Posted on by Chief Marketer Staff

AWARD CATEGORY New Media

CAMPAIGN MXT — YouTube Director

Agency Fathom Communications

Client Navistar International

International Trucks unveiled its answer to the Hummer H1 at last year’s Chicago Auto Show: the International MXT, a pick-up truck.

With only 300 of the vehicles to be produced for the year, ownership was touted as exclusive. But advance orders were slow.

The manufacturer had limited marketing resources, with the auto show being the main — well only — focus. Awareness quickly waned.

International Trucks subsequently engaged Fathom Communications to come up with a campaign that would transform the MXT into a high profile vehicle. But the budget was still relatively minimal: $12,000, forcing YouTube to become the driving force in meeting the dual objectives of increasing brand engagement and driving traffic to the MXT Web site.

“It necessitated taking a little bit different take on things,” says Jeff Summers, Fathom management supervisor. “This was an opportunity to leverage the mass appeal of YouTube to do that.”

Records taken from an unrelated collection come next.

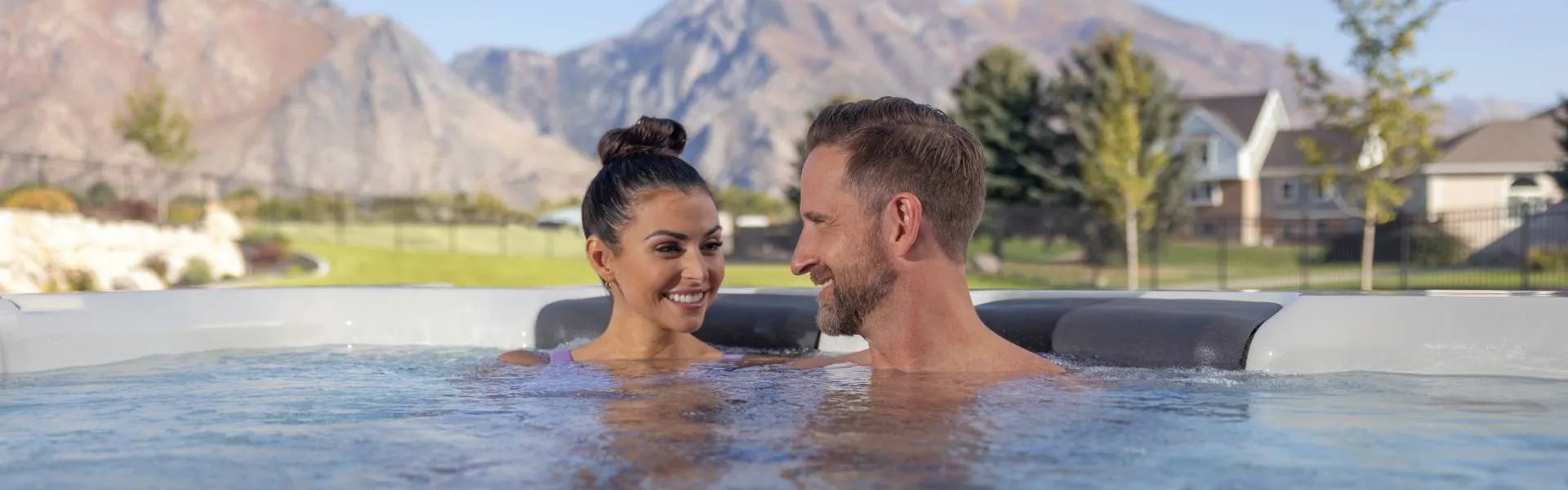 Couple happily relaxing in their Bullfrog Spas hot tub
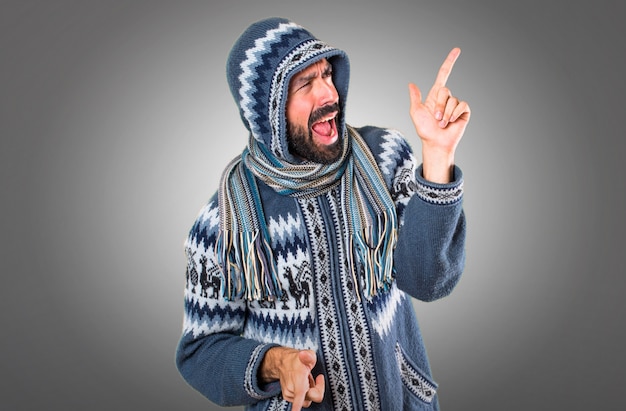 Homem com roupas de inverno dançando em fundo cinza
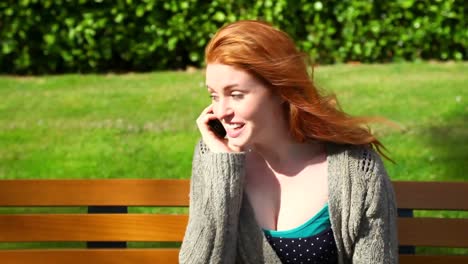 cute woman sitting on bench while phoning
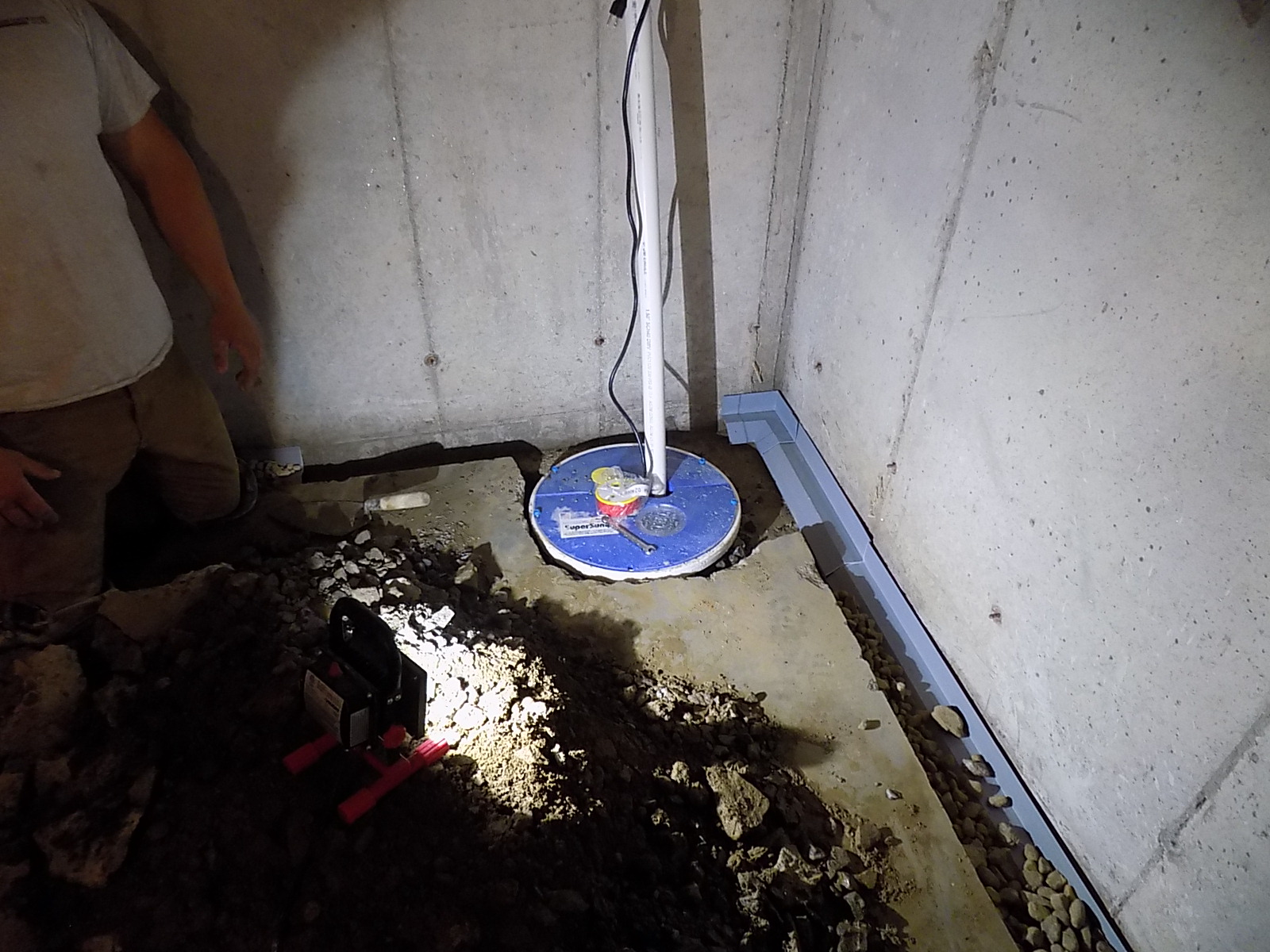 Sump pump laid in place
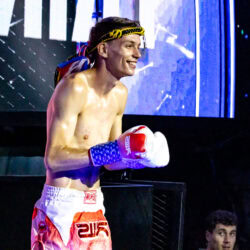 Erik Husiev, fascia in testa e pantaloncini rossi, sul ring.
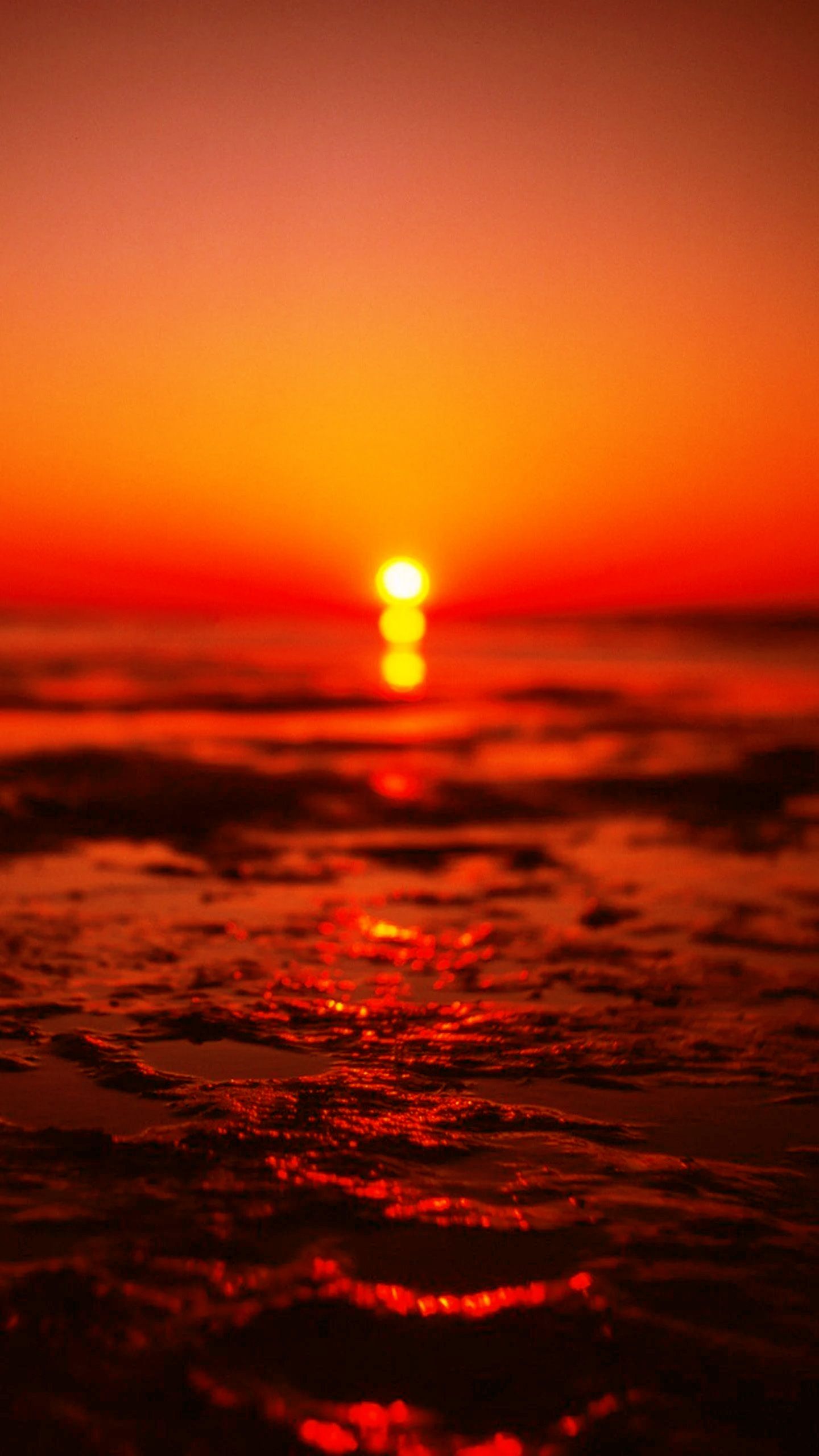 A beautiful sunset over the ocean with the sun setting below the horizon - Sunset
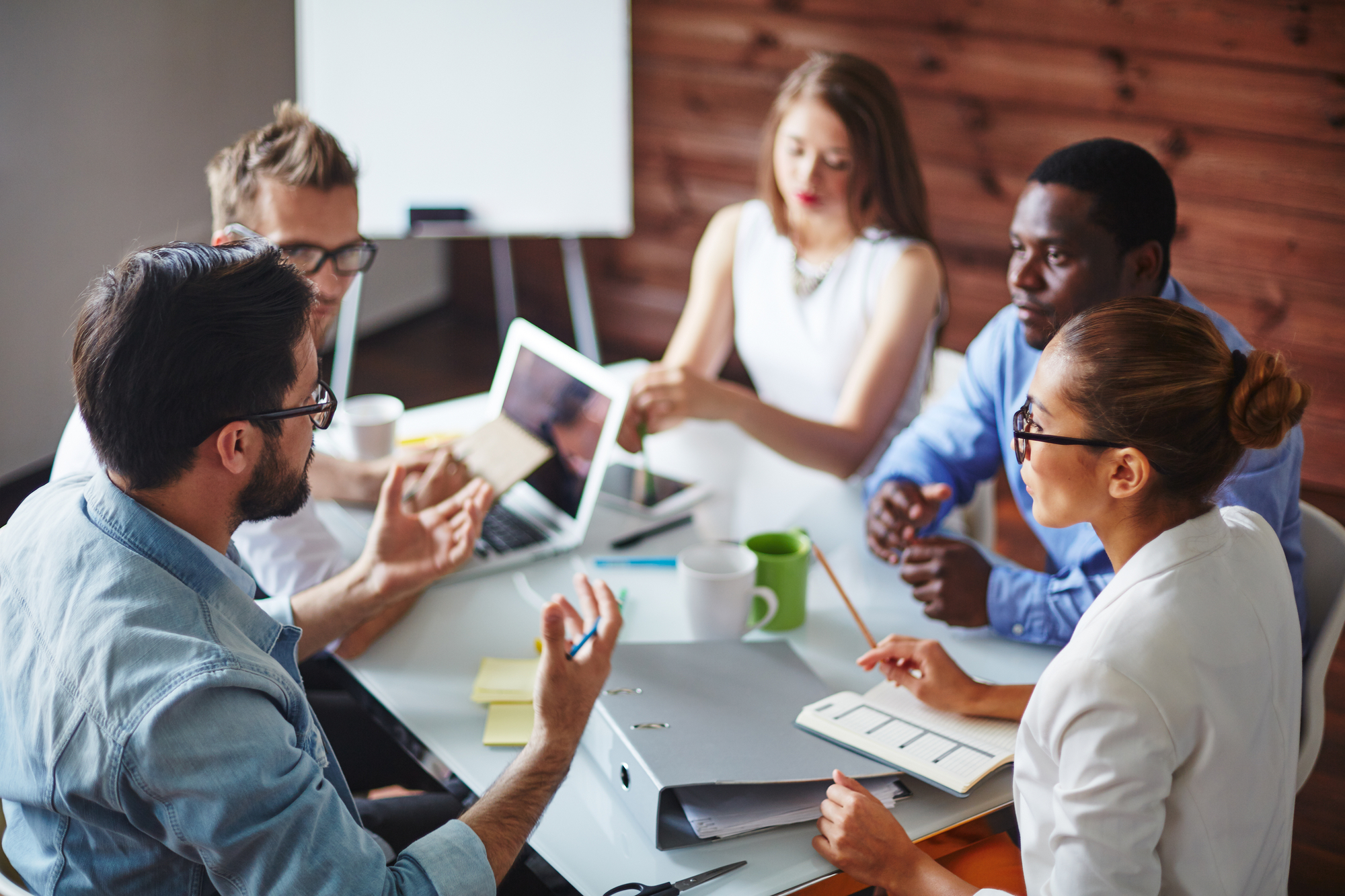 Team members engaged in a meeting around a table, actively discussing and listening to each other, representing strong group dynamics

Fathom encouraged submitters to create content that conveyed the MXT’s benefits in humorous vignettes without delivering specific marketing messages. Fathom selected two known YouTube “directors,” a designated category bordering on professional. The status allows, for example, submissions of long-form programs as opposed to merely amateur shorts.

In any case, the two resulting videos cost a combined $12,000 (i.e., the total budget), which was turned over to the directors to write, direct, edit and post.

“This was the first foray for Navistar (International Trucks’ parent company) into user-generated content. It was a challenge to get them to buy into this idea,” Summers recalls. “But it seemed the perfect way to get new eyeballs to check out this product.”

For the duration of the three-month campaign, videos were planted in the Featured Video spaces on YouTube and other social networking sites, including MySpace. The results surpassed Fathom’s expectations: the spots drew 195,343 total views, compared to a projected 50,000. “People weren’t turning off because it was a marketing message,” Summers says. “They were engaged, because it wasn’t over-the-top as a marketing message.”

Vanity URLs were set up for each of the videos to redirect Web surfers to the MXT site, where registrations of prospective buyers were collected. The video views sparked 1,323 visits to the MXT Web site and ultimately generated 35 sales leads.

And the campaign made YouTube believers of Navistar and Fathom. “It was good to see that we could deliver results, so we can consider campaigns like this in the future,” says Summers.
Richard Tedesco

IDEA TO STEAL
YOUTUBE WORKS

Be inventive with limited marketing budgets. Consider YouTube and similar user-generated sites to plant brand seeds with subtle, inexpensive marketing messages. The cost in this case was concentrated in the creative content rather than a potentially pricey media buy that might have minimized the campaign’s reach.